Australia agrees to clear-the-air talks with Qatar over controversial airline decision

Australia will meet with the Qatar Civil Aviation Authority following claims the Albanese government blocked requests for more flights.
Australia will meet with the Qatar Civil Aviation Authority after claims the Albanese government blocked requests for more flights. Photograph: Anadolu Agency/Getty Images

Australian bureaucrats will schedule a meeting with Qatari officials to discuss the Albanese government’s controversial decision to reject Qatar Airways’ request to almost double its flight operations to Australia.

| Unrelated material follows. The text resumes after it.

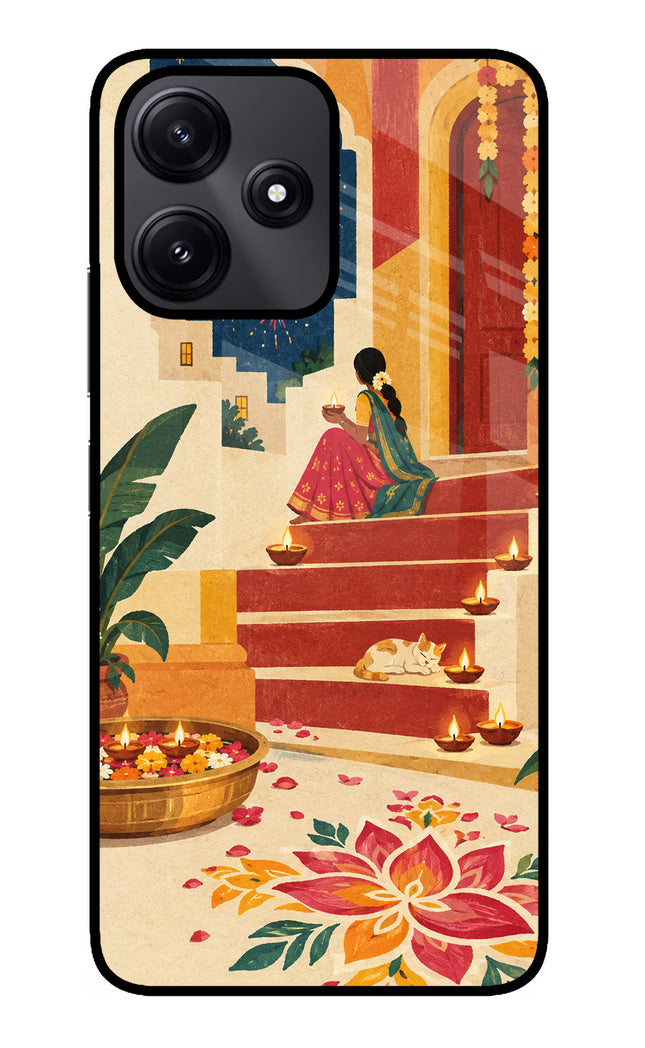 Diwali Rangoli Redmi 12 5G Glass Case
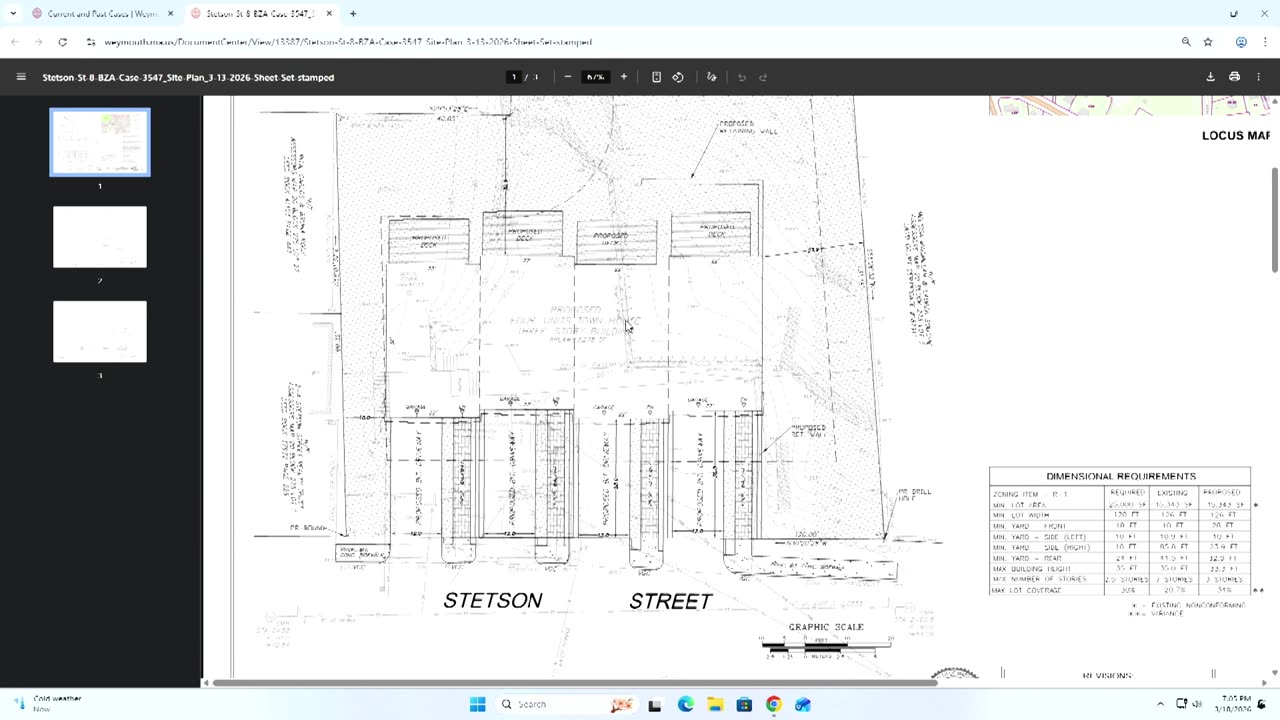 Site plan for Stetson Street townhouse project with dimensional requirements table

Senate inquiry hearings this week revealed that the Qatar Civil Aviation Authority (QCAA) – which lodged the request for an additional 28 weekly flights to Sydney, Melbourne, Brisbane and Perth – had requested consultations with the Australian Department of Infrastructure and Transport.

The QCAA said that on 16 August it “officially requested consultations … to better understand the reasons for their decision and to work together with the Department [of Infrastructure and Transport] to build a road map for future enhancements of traffic rights”.

“We sincerely hope that the department will agree to schedule consultations as a matter of urgency and priority,” the QCAA said in a submission.

The Qatari regulator had claimed that “no other carrier in the [Gulf Cooperation Council] region is subject to such strict conditions and requirements regarding fair competition in Australia”.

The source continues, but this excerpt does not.